**WHAT THE TASK REQUIRES**
Whatever comes before the line containing "Swiss Dot Layered Flutter Sleeve Shirt" stays out; transcribe that line and all that follow to the end of the records exactly, with no pictures.
'''
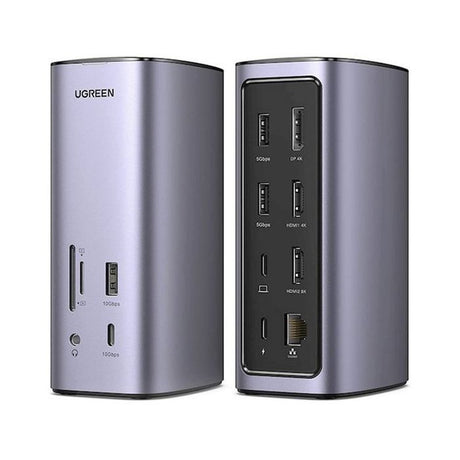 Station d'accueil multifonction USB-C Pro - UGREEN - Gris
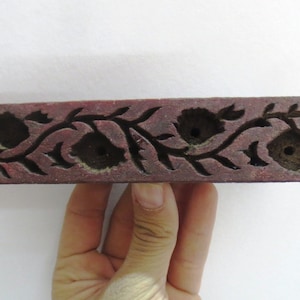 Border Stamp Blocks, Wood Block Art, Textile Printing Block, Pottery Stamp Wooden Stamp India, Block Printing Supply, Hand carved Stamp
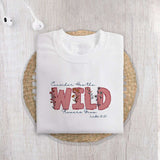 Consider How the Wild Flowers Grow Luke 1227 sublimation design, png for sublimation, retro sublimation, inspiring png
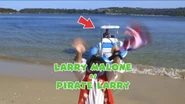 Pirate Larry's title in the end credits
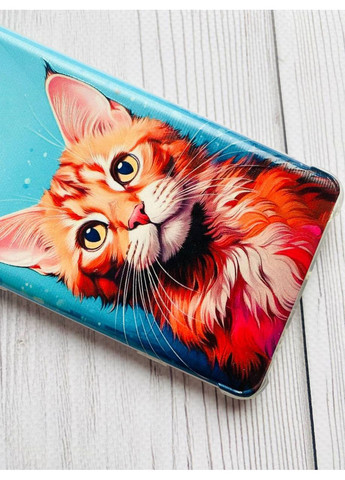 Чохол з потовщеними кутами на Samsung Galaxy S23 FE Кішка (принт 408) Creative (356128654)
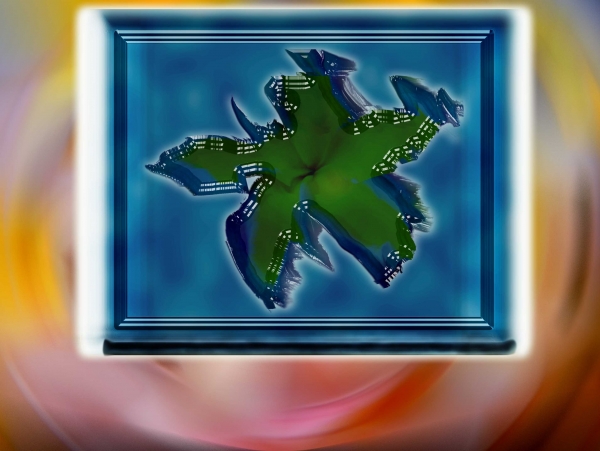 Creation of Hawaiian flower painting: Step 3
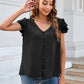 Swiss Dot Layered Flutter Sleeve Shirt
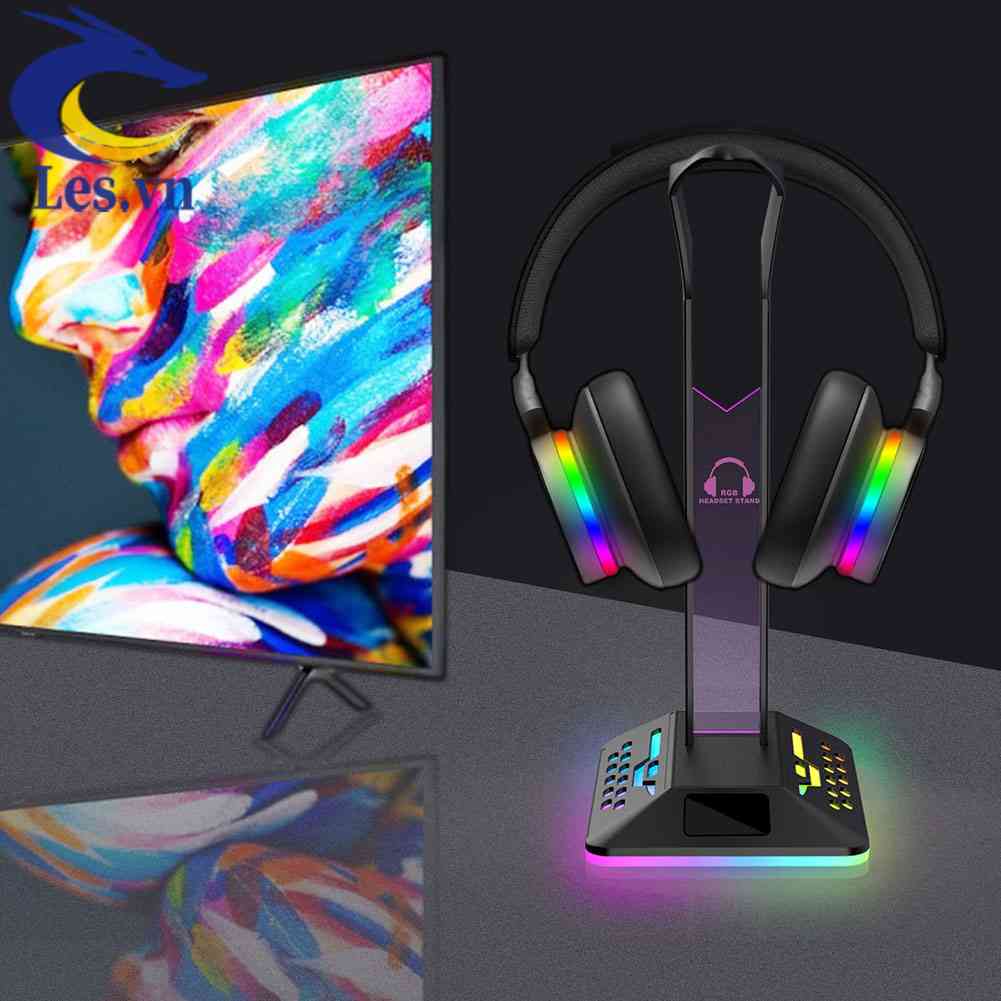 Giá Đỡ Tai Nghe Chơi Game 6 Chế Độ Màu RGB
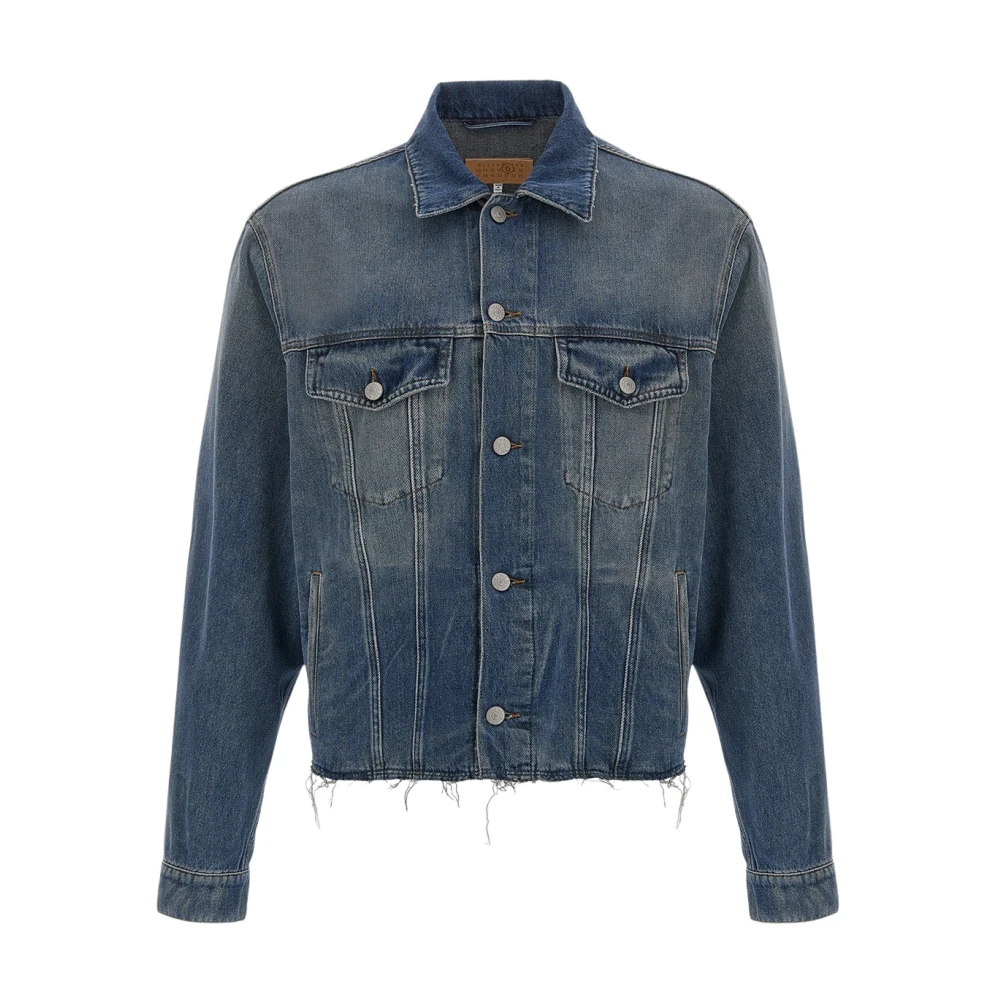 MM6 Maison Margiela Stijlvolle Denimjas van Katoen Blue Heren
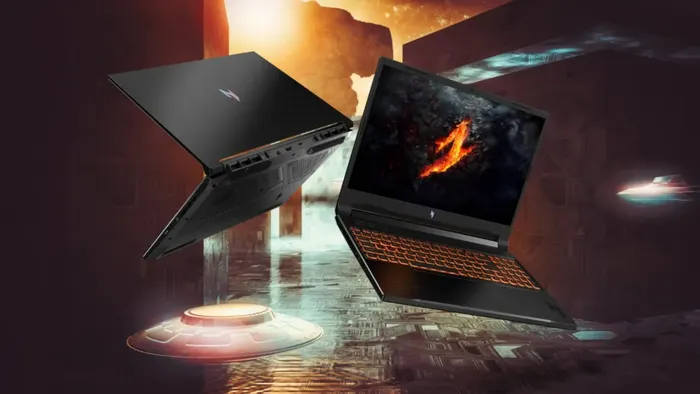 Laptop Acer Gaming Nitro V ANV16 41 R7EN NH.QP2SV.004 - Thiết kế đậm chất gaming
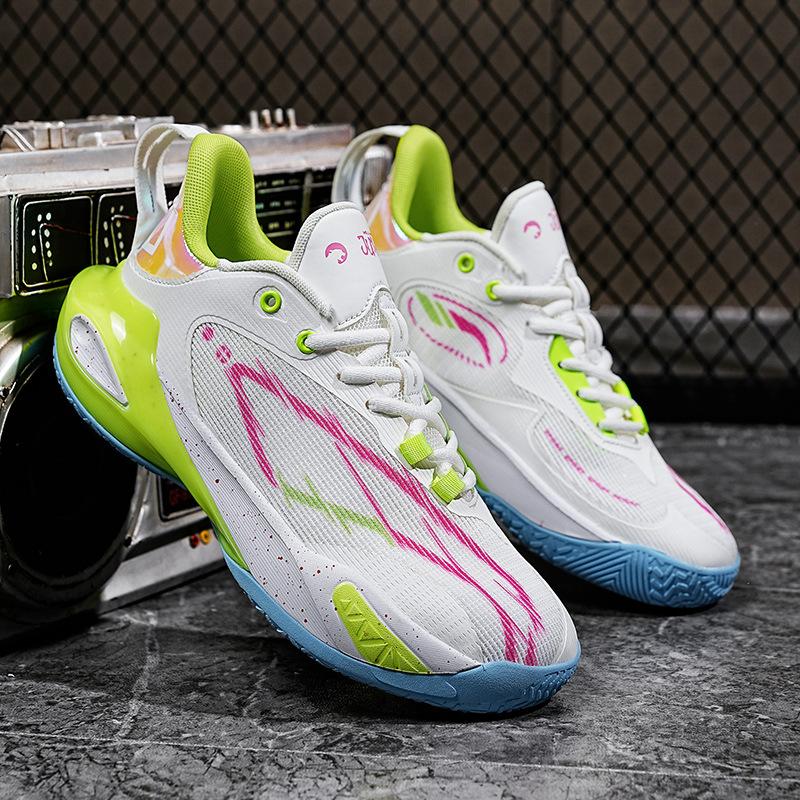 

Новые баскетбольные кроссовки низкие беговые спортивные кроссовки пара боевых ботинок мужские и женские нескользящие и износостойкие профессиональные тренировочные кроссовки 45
'''
**RESPONSE TO THE EXERCISE**
 Swiss Dot Layered Flutter Sleeve Shirt
 Giá Đỡ Tai Nghe Chơi Game 6 Chế Độ Màu RGB
 MM6 Maison Margiela Stijlvolle Denimjas van Katoen Blue Heren
 Laptop Acer Gaming Nitro V ANV16 41 R7EN NH.QP2SV.004 - Thiết kế đậm chất gaming

Новые баскетбольные кроссовки низкие беговые спортивные кроссовки пара боевых ботинок мужские и женские нескользящие и износостойкие профессиональные тренировочные кроссовки 45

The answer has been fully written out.